Stored data entries
# # # # #

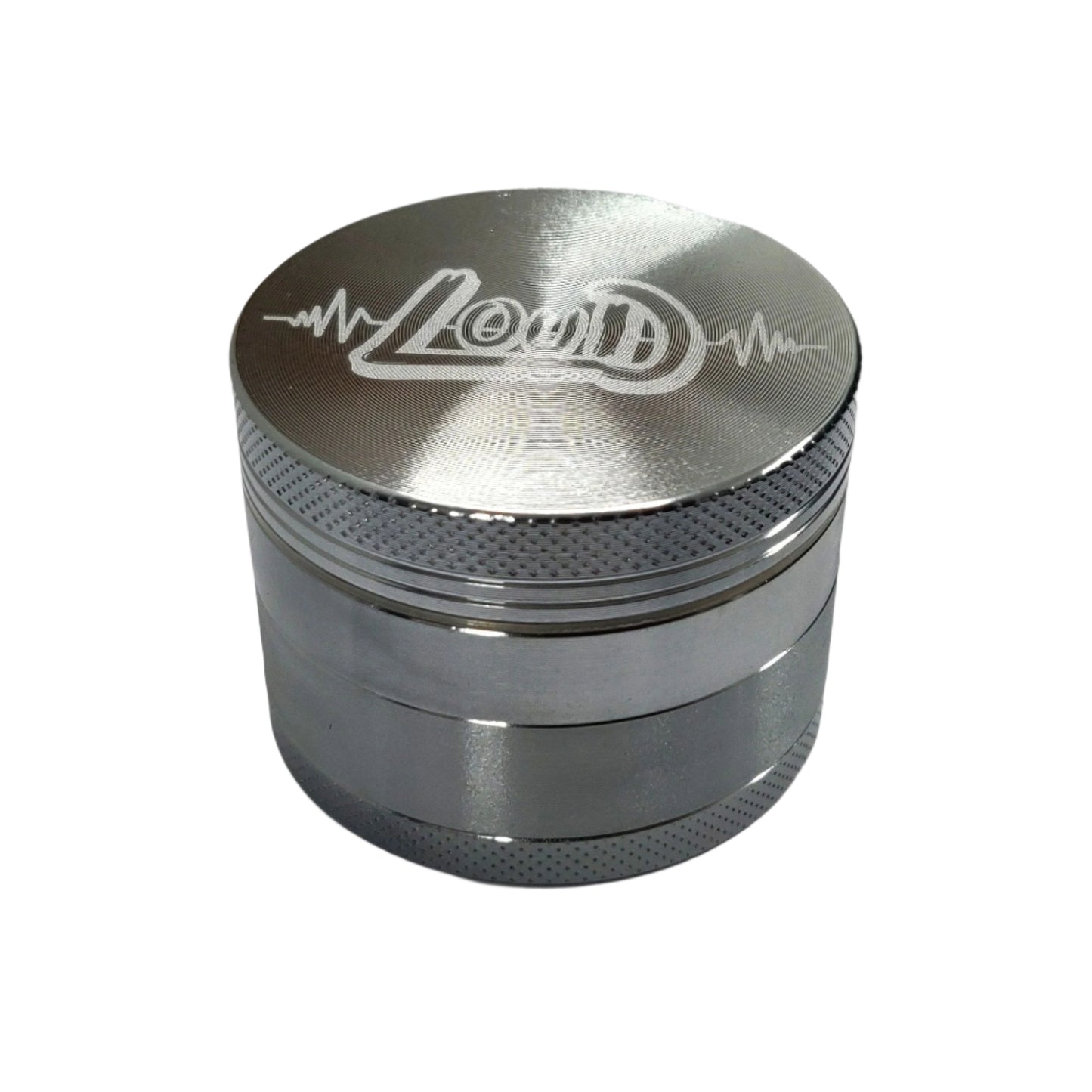 Loud n Ground 50mm 4 Piece Grinder
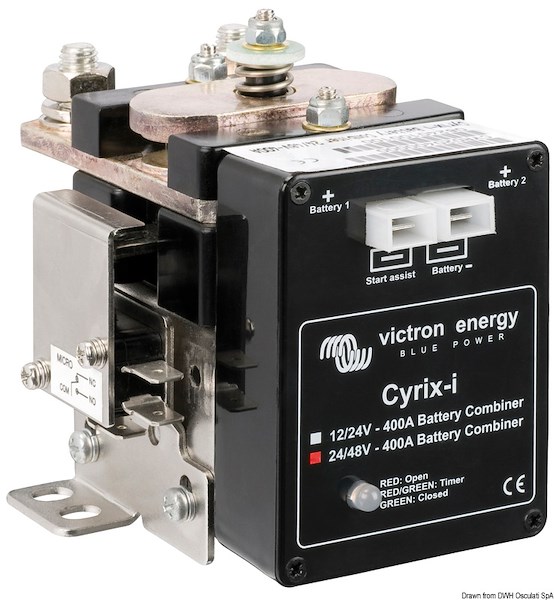 Parallelatore di batteria VICTRON Cyrix-I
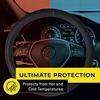 image:imageBody Glove 221975059 Smoothie Steering Wheel Cover Easy Installation Hyperflex Core Technology Fits Most Vehicles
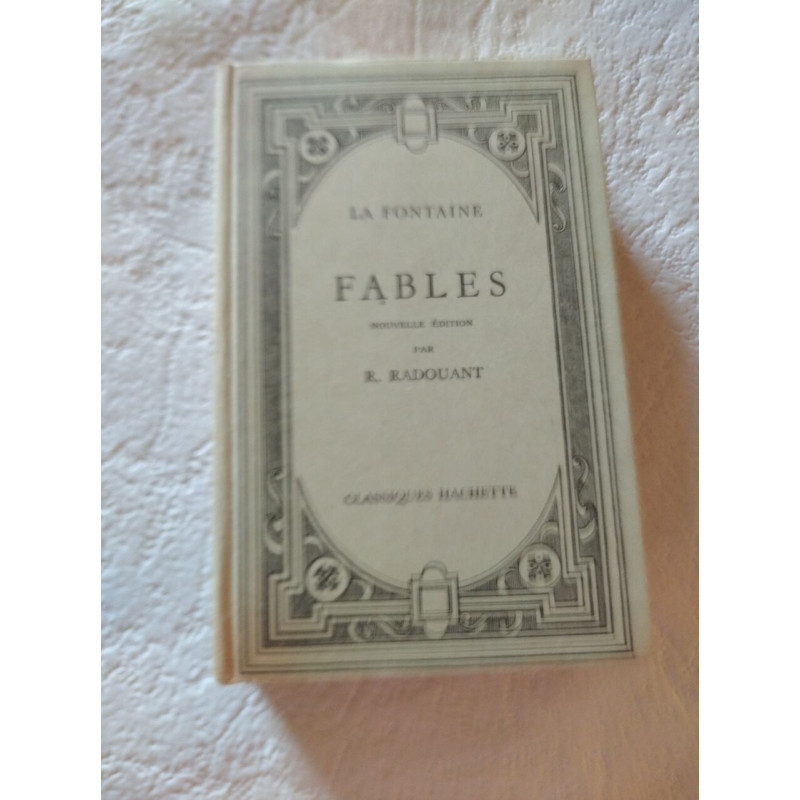 Fables la Fontaine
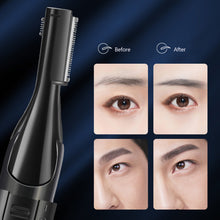 Load image into Gallery viewer, Electric Eyebrow Trimmer Safe Washable Blade Portable Painless Eyebrow Trimming Knife Hair Remover Makeup Beauty Tool
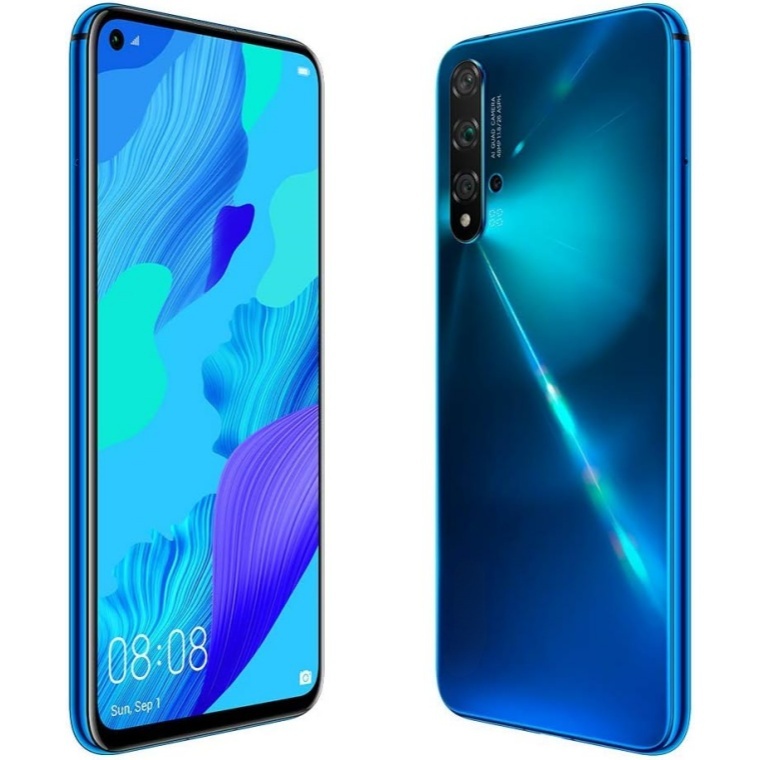 Nova 5T YAL-L21 128GB 6GB RAM International Version - Crush Blue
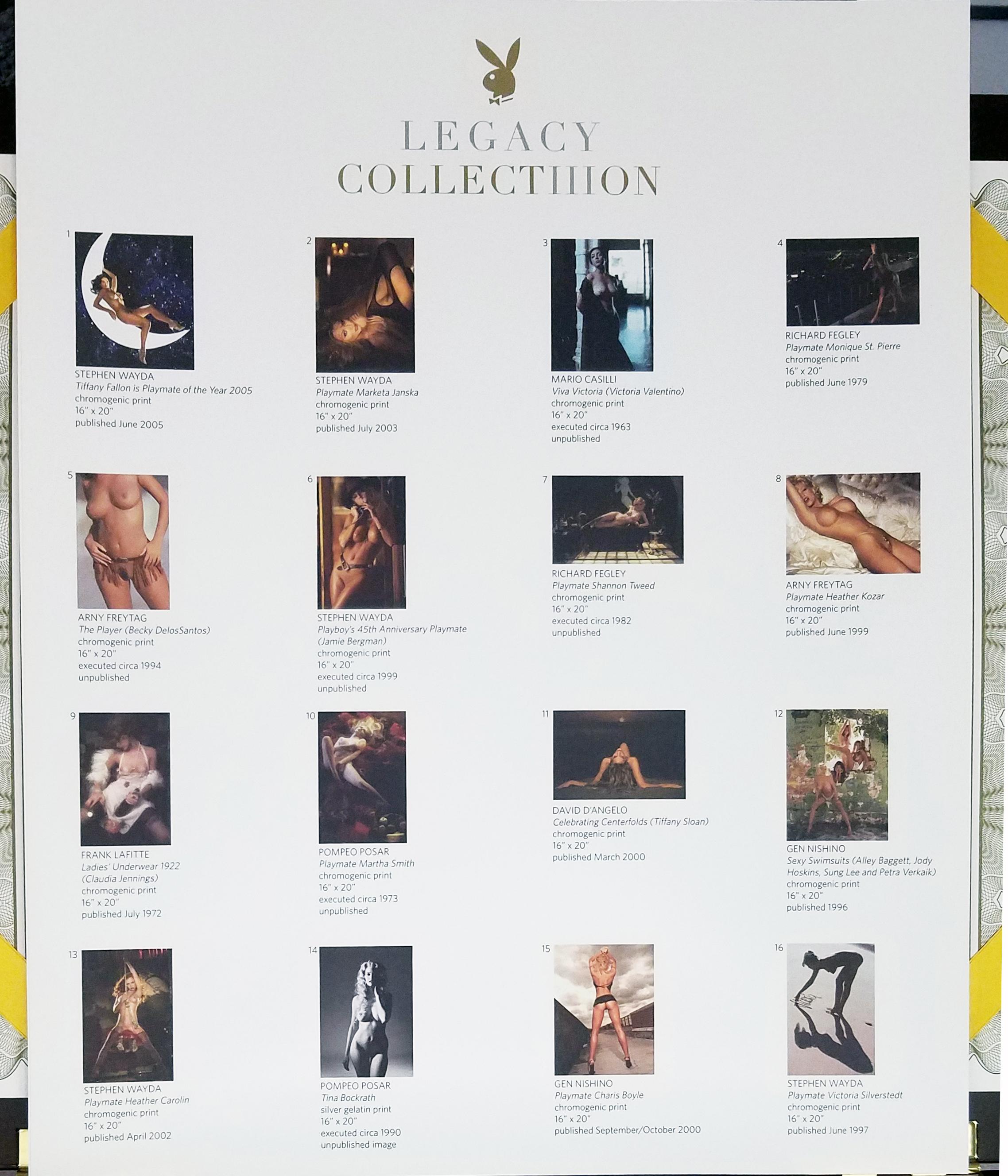 Playboy Legacy Boxed Set /Gold Edition - Authorized by: Hugh Hefner - #20 of 75  For Sale 3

# # # # #

In the data above, the stretch from the line with "image:imageBody Glove 221975059" through the line with "Fables la Fontaine" is to be returned exactly, minus any pictures.

 image:imageBody Glove 221975059 Smoothie Steering Wheel Cover Easy Installation Hyperflex Core Technology Fits Most Vehicles
 Fables la Fontaine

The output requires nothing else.